Une mer plate, et tout change
Un multicoque de course déteste le clapot court. Chaque vague qui tape sous les bras de liaison freine le bateau et fatigue la structure. La baie, protégée à l’ouest par la presqu’île guérandaise, ne lève pas de mer croisée par vent de secteur nord à ouest : l’eau reste hachée mais courte, et les trimarans peuvent rester en appui sur un seul flotteur pendant de longues minutes. C’est là que le public voit la coque centrale sortir de l’eau.
Le revers existe. Par vent de sud-ouest établi, la houle d’ouest entre dans la baie et le décor change du tout au tout. Les courses deviennent alors plus lentes, plus prudentes, et bien moins photogéniques depuis le sable.
La marée fait partie du parcours
Le marnage dépasse cinq mètres en vive-eau sur cette côte. Ce n’est pas un détail de calendrier : le courant de flot pousse vers l’est, le jusant redescend vers Le Pouliguen, et un tacticien qui ignore ce rappel perd des places sans comprendre pourquoi. Sur des bords courts, quelques dixièmes de nœud de courant portant valent plus qu’un bon réglage de grand-voile.

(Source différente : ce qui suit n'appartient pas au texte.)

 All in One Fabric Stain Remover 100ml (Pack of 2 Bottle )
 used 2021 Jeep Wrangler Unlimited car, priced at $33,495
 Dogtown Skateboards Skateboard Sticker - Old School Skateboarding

Un stade sans gradins, et c’est l’argument commercial
Les organisateurs de course au large ont un problème permanent : leur sport se dispute hors de vue. Ici, la flotte navigue à quelques centaines de mètres d’un rivage bâti sur toute sa longueur, avec des dizaines de milliers de personnes déjà présentes en juin. Le public n’a pas à se déplacer, il est là. Les sponsors le savent, et c’est une des raisons pour lesquelles la baie récupère des étapes que d’autres ports convoitent.
Ce qu’un spectateur doit regarder
Les départs, d’abord : c’est le seul moment où dix bateaux sont regroupés dans un mouchoir de poche. Ensuite, les empannages, qui se voient de loin parce que la voile bascule d’un coup. Le reste ressemble à des lignes droites, et il faut savoir que la course se joue là, dans des écarts de trajectoire que l’œil du bord ne perçoit pas.